Sabato. Gianni ci guida per 41 km fra i
boschi, le rocce e i prati del Montiferru; 6 ore di corsa, soste
comprese. Nel prossimo futuro, ho in programma un incontro con il
sindaco di Capoterra per chiedere l'aiuto dell'amministrazione
comunale nell'allestimento di percorsi running, sicuri, segnati, con
fontanelle e illuminazione notturna. Nel Montiferru è già tutto
pronto; la mancanza di lampioni è ampiamente compensata da mille
angoli meravigliosi. Si trovano percorsi divertenti nel fresco dei
boschi con alberi secolari, tanto enormi e belli che, dopo averli
abbracciati facendo finta di misurare quanto siano grandi, viene da
dargli un bacio. Siamo 12 bipedi, un ciclista e un cane. Primo a
cedere è il ciclista, in difficoltà sulle salite tecniche. Ci sono
poi fonti rigogliose, che si ostinano a zampillare acqua freschissima
nonostante non piova da mesi. Dopo aver inseguito le apparizioni
fugaci di un cervo e di una pernice, cede anche il cane con una
zampetta dolente. C'è una roccia verticale con una scala naturale e
un buco che incornicia il panorama e, con folate fresche e potenti,
mi sbatte in faccia l'essenza dei boschi e del mare che stanno al di
là. Si parla di progetti ed impegni futuri. La disinvoltura con cui
i km vengono nominati a centinaia e i dislivelli a chilometri fa
capire in che compagnia son capitato. C'è Italo, che dopo i 5000 km
della Los Angeles - New York, è il campione sardo della corsa senza
limiti.
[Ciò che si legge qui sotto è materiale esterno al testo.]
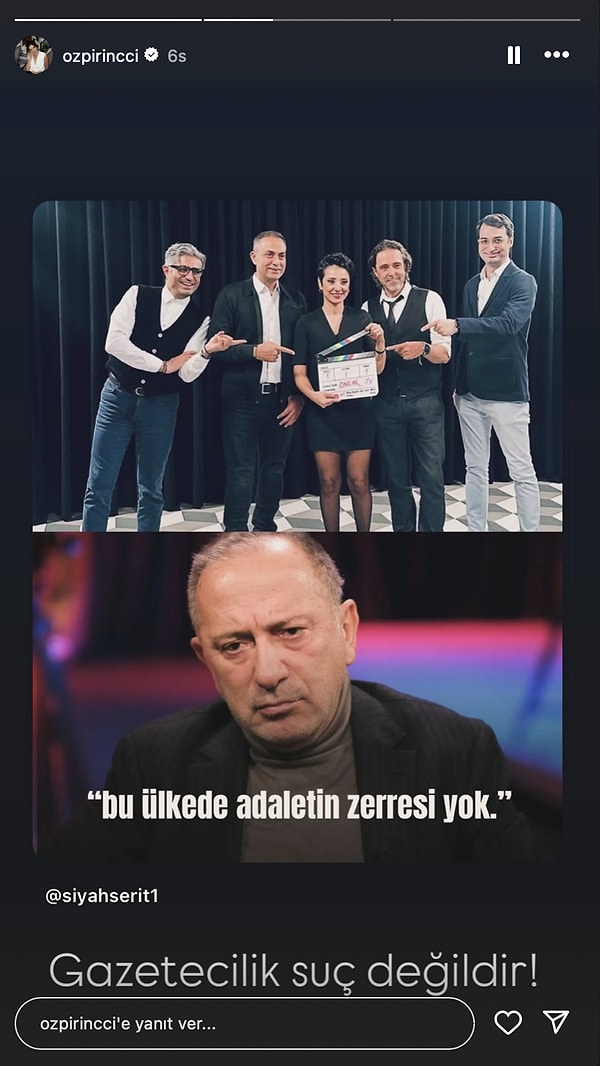 Özge Özpirinçci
Più in alto, al di sopra del bosco, domina il profumo di
timo selvatico e si vola con viste aeree sul litorale oristanese. Ci
sono Teo e Alessandra veterani delle ultra, che, la sera stessa,
parteciperanno ad un “urban trail” di 8 km a Cagliari. “Sono
solo 8 km e correremo piano piano” dice Teo che poi arriverà
14esimo su 444! Qualche spina ci fa scendere sulla terra ma poi si svela l'altra faccia del rovo, quella morbida, dolce e profumata e
si ritorna nell'eden. La quantità di more mature fa capire quanto
poco sia frequentato questo bellissimo angolo di Sardegna. Gianni e
Italo parlano anche di organizzare gare per condividere tutto questo:
se ne parla da tempo, ora sembra che vogliano fare sul serio e noi
forse siamo cavie che stanno provando il futuro percorso di gara. La
presenza dell'uomo si divide equamente fra fossili moderni,
soprattutto antenne, e testimonianze antiche: nuraghi, cuili in
pietra. Con noi, ci sono altri appassionati ultramaratoneti: Ivan,
Flavio e Checco. Io mi sento un po' distante dalla loro leggerezza.
Quando penso “50km” sento stridere i tendini e dolere i
quadricipiti. Lo stesso mi succede pensando a 2km di dislivello e,
col passare del tempo e dei chilometri, questa pesantezza di pensiero
aumenta di pari passo con quella muscolare. Ad ogni bivio ci si ferma
a ricompattare il gruppo e ogni volta faccio più fatica a ripartire.
Le more completano il loro ciclo e fa impressione vedere tanta
dolcezza trasformata così malamente. Finalmente si scende, prima su
larghe sterrate fra i pascoli e poi nel bosco su un bel sentierino
tecnico da fare in spinta che porta fino alle macchine.
I 4 “siberini” hanno fatto un buon
lavoro: le birre sono belle fresche e loro sono ancora abbastanza
gelati da raffreddare i miei tendini bollenti.
Alla fine sono stanco ma è una
stanchezza carica di soddisfazione. Per aver terminato questa
maratona, non c'è una medaglia da dimenticare in un cassetto ma
un'indelebile neuronata di emozioni.